The five-day event is addressing the need to foster international cooperation among regulators so they can share regulatory knowledge, practices and information. Recommendations and guidance on how to establish and maintain independent and effective national regulatory systems are also to be shared among participants.
In his opening address, Tomihiro Taniguchi, IAEA Deputy Director General and Head of the Department of Safety and Security, spoke of the IAEA´s role in building safety and security capacity in Member States.
"The IAEA continues to support and promote continuous improvements in the global nuclear safety and security regime as a framework for achieving high levels of safety and security in nuclear activities worldwide." He also reminded the audience that while safety performance indicators have shown steady improvement over the last two decades, their guard should not be lowered.
"It is necessary to avoid complacency and to continuously improve and strengthen the existing global nuclear safety and security regime so that the use of nuclear technologies can be introduced or expanded in a safe and credible manner to meet the world´s needs for human well-being, environmental protection, growth and development," he said.
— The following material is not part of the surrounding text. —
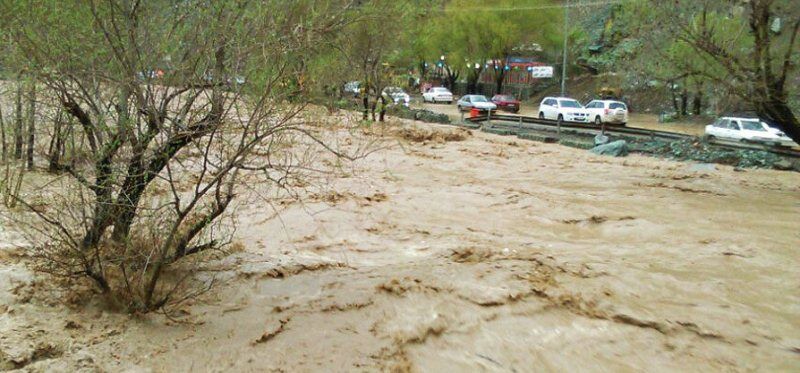 15 نقطه سیلابی در جاده کرج - چالوس شناسایی شد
Gregory Jaczko, Chairman of the US Nuclear Regulatory Commission and President of the conference said that nuclear regulation is a global responsibility and the conference should be seen as an opportunity to make concrete progress and lay out a strong plan of action."At the conference this week, we will examine and discuss our priorities as regulators and work to identify and address the challenges we face - both individually and together - around safety and security. The work we do is critical for each of our countries and for the international community as a whole," he said.
Elizabeth Dipuo Peters, Minister of Energy of South Africa, stressed the importance of nuclear safety and security for public acceptance of nuclear power. "The assurance of nuclear safety and security forms the basis and the vital cog upon which citizens will inevitably support nuclear energy programmes. It is against this background that there is a need to continuously review and enhance the national and international nuclear safety and security framework." She also praised the IAEA for its role in assisting Member States in these issues.
"The IAEA is invariably trusted to provide independent views and advice in order to strengthen safety and security whilst preserving the sovereignty, authority and responsibilities of member states," she said.
The conference is focusing on four topical issues:
- Emerging Regulatory Challenges;
- Regulatory Indepedence and Effectiveness;
- Impact of Multinational Activities on the National Responsibility for Nuclear Safety and Secutiry; and
- International Safety and Security Cooperation.
The International Conference on Effective Nuclear Regulatory Systems is held in Cape Town, South Africa, from 14 to 18 December 2009. The conference theme is Further Enhancing the Global Nuclear Safety and Security Regime.
The five-day conference is organized by the IAEA and hosted by the Government of South Africa through the National Nuclear Regulator (NNR). The Cape Town event is the second in a series of meetings that began in 2006 in Moscow, Russia.